Today, BPM has become a discipline in its own right. It applies sophisticated software and best practices to model, simulate, automate, manage, and monitor processes, in order to coordinate operations with dynamic business priorities. This has given rise to unprecedented process flexibility and scalability, wherein workflows (both human and automated) are determined in real-time by events and/or outcomes within the process, and effective knowledge transfer is made possible as processes become well-documented business artifacts on which employees can be trained.

The introduction of an independent process tier represents BPM's first major contribution to business computing. It puts the management of business logic in the hands of business managers, without threatening the integrity of the application logic.

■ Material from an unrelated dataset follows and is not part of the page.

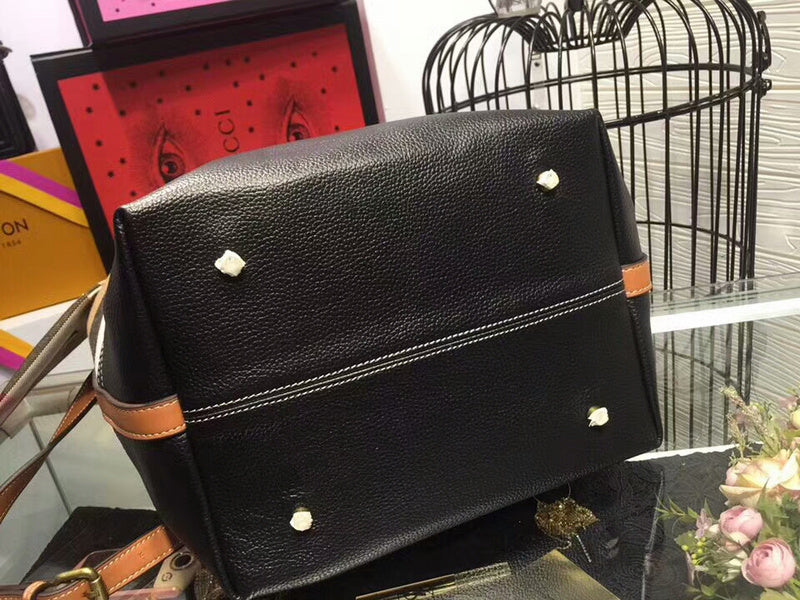 B-Berry Bags - Women Love Luxury Bags - 1103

To enjoy the full benefits of BPM, processes must integrate with existing applications and systems. They require access to the functions that are locked in application silos. Today's IT organization is complex, consisting of many different applications and systems built using heterogeneous technologies, on various types of middleware, using multiple databases and running on many platforms. Hard-coding point-to-point integration with these applications is not a good solution as it creates tight coupling with the application and makes the process brittle and inflexibleThis can make the processes expensive to change and may therefore defeat the entire purpose of BPM.

This is where Service Oriented Architecture (SOA) comes in. It provides the technical ability to create that process independence. The goal of SOA is to expose an organization's IT assets as re-usable services that can communicate and integrate more readily. SOA's aim is to provide a common communication framework to organize and describe the capabilities, usage policies and service provider locations without exposing the implementation details. It allows organizations to plug in new services or upgrade existing services in a granular fashion in order to address new business requirements, while providing the possibility of making the services consumable across different channels, and at the same time enabling existing legacy applications as services. The goal is to eliminate the integration headache common to many organizations today, while leveraging existing IT investments.

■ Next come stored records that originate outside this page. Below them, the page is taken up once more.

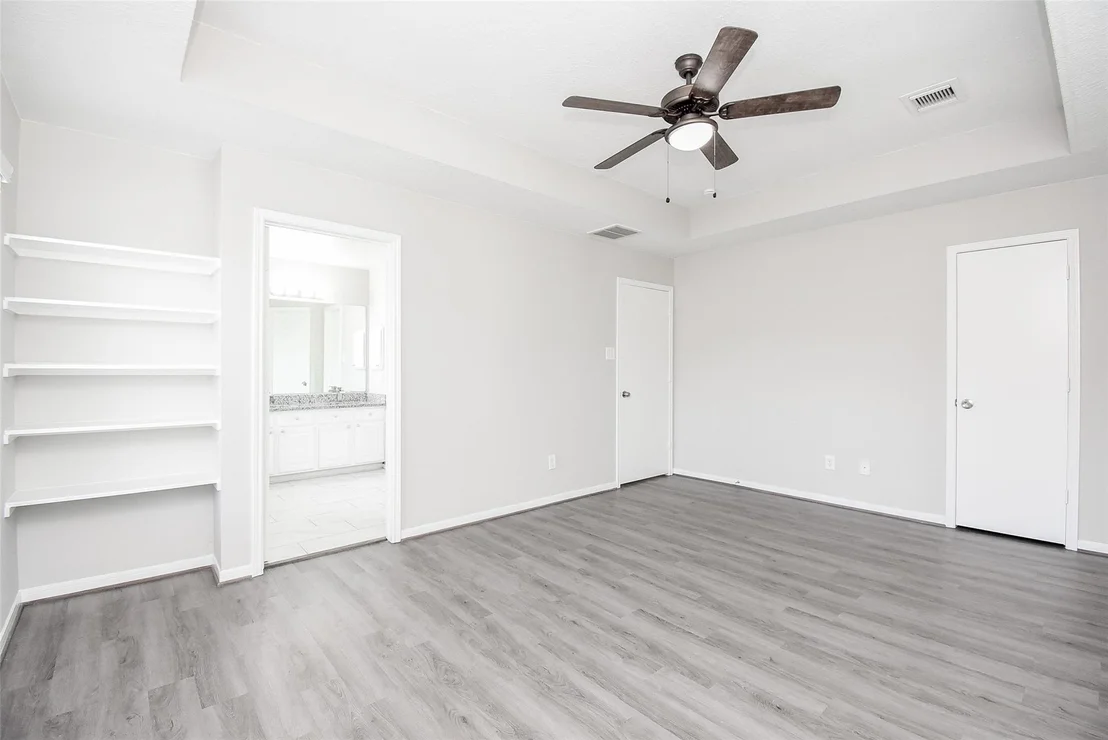 Photo of 19527 Juniper Vale Circle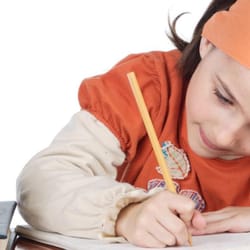 Children Today Montessori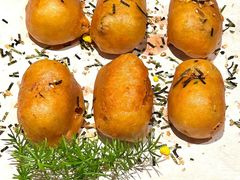 -小炳胜(卓悦中心店)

BPM and SOA are a natural match —together they facilitate the next phase of business process automation, deriving higher value from services. Business automation will no longer be about hard coding a function that is to be repeated infinitely.

Today, business automation through BPM and SOA is all about creating services that are re-usable in many different ways, in multiple processes that can be continually improved. Through this synergy, organizations will achieve better business and IT results than were ever possible through either discipline alone.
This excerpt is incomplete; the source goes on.